Flip that switch!   posted by Razib @ 8/05/2007 11:32:00 AM
Share/Bookmark

A functional circuit underlying male sexual behaviour in the female mouse brain:
We report here that Trpc2-/- female mice show a reduction in female-specific behaviour, including maternal aggression and lactating behaviour. Strikingly, mutant females display unique characteristics of male sexual and courtship behaviours such as mounting, pelvic thrust, solicitation, anogenital olfactory investigation, and emission of complex ultrasonic vocalizations towards male and female conspecific mice...These findings suggest that VNO-mediated pheromone inputs act in wild-type females to repress male behaviour and activate female behaviours. Moreover, they imply that functional neuronal circuits underlying male-specific behaviours exist in the normal female mouse brain.


Yes, yes, I know people aren't mice.
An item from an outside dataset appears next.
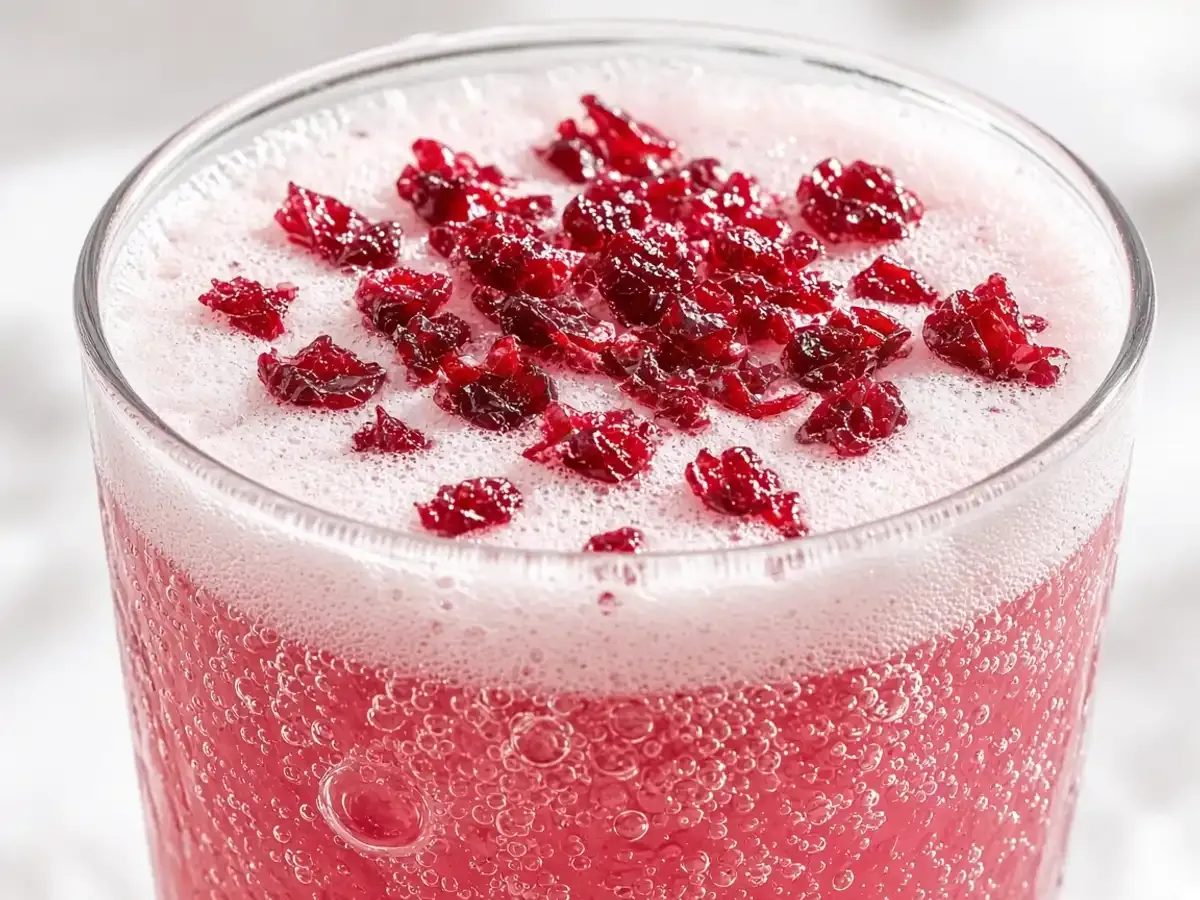 Original drink photograph of white cold foam and red cranberry pieces on a pink bubbly soda, with no logo.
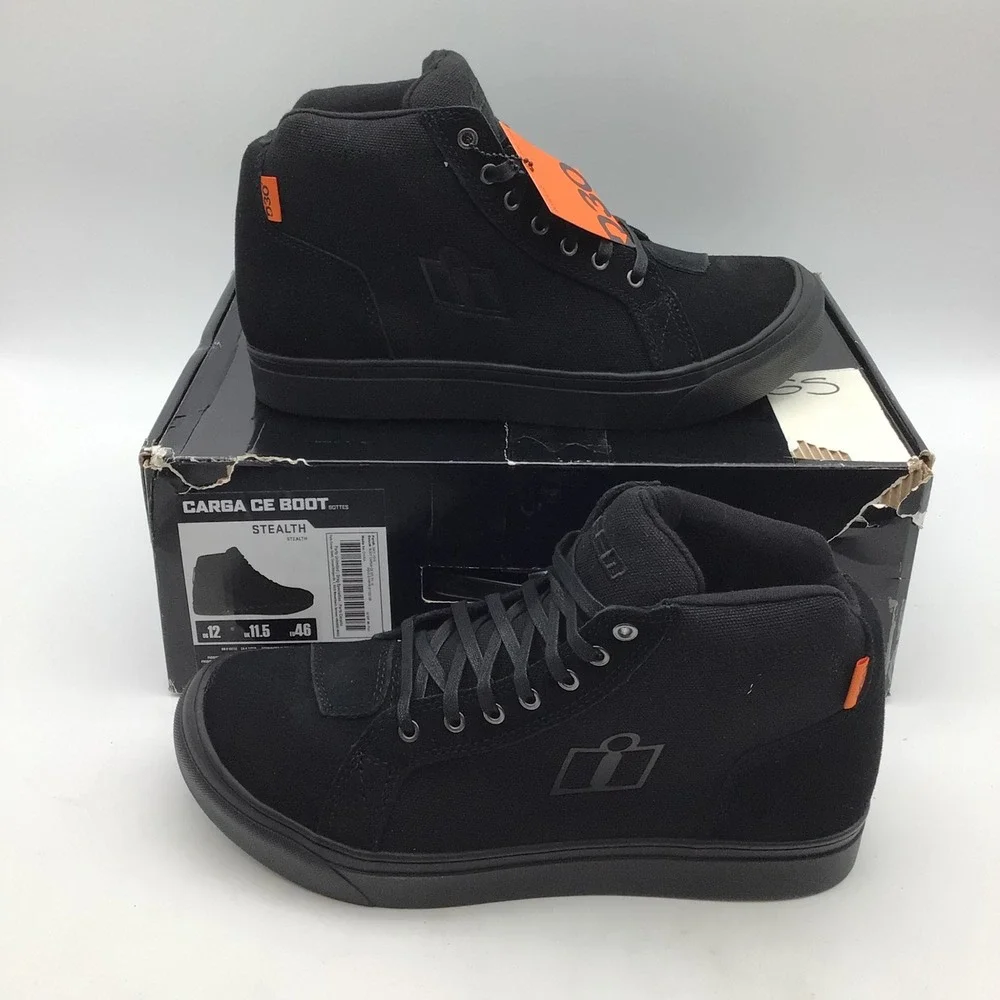 ICON‎ Mens Stealth Carga CE Black Textile Motorcycle Riding Boots Size 12 NEW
But check out this piece on female autistics in The New York Times Magazine. Here's an interesting part:
No doubt part of the problem for autistic girls is the rising level of social interaction that comes in middle school. Girls' networks become intricate and demanding, and friendships often hinge on attention to feelings and lots of rapid and nuanced communication - in person, by cellphone or Instant Messenger. No matter how much they want to connect, autistic girls are not good at empathy and conversation, and they find themselves locked out, seemingly even more than boys do. At the University of Texas Medical School, Katherine Loveland, a psychiatry professor, recently compared 700 autistic boys and 300 autistic girls and found that while the boys' "abnormal communications" decreased as I.Q. scores rose, the girls' did not. "Girls will have more trouble with social networks if they're having greater difficulty with communication and language," she says.
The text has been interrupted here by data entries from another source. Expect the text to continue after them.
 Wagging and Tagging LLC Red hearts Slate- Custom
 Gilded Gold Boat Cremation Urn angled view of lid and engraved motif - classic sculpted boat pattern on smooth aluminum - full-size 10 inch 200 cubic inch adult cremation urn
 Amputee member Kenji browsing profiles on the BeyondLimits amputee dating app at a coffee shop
I have offered the conjecture before that a lot of the social phenomena we see around us has to be filtered through the reality that men and women socialize very differently. Roughly, I believe that male socialization norms are more coarse, inflexible and girded by clear heuristics. In contrast, I think female social networks are more natural and leverage innate abilities of women to read faces, manner and engage in extreme intentionality. I believe this is one reason that patriarchy emerges in mass societies: though more coarse and less informative, I believe that simpler male interaction dynamics scale much more easily than the way women operate in groups. It naturally makes sense that high IQ autistic males could "fake it" or "get by" much more easily than high IQ autistic females, the male social system is much more clumsy and probably requires less innate cognitive skill.
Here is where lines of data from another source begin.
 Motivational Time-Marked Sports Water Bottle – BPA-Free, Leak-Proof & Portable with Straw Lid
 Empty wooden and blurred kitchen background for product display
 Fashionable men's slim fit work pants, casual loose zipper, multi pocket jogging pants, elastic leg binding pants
Addendum: An example by analogy. A typical human has lighting fast numeracy perception. For example, compare someone who "recognizes" a set of objects from the 1 to 4 in quantity vs. someone counting 1, 2, 3, 4. Obviously the latter method is relatively slow and depends on a lot more cognitive scaffolding (various aspects of human intelligence). Gestalt recognition on the other hand is fast and almost unconscious. But now imagine the number of objects increasing. Soon you really don't have a good sense of numbers via innate numeracy, you can recognize proportions, but you can't recognize 73 objects. On the other hand, though counting is slow, and continues to take more time as the number of objects increases, but it scales so that you can feasible continue to count an increasing number so long as you're willing to put more time in it.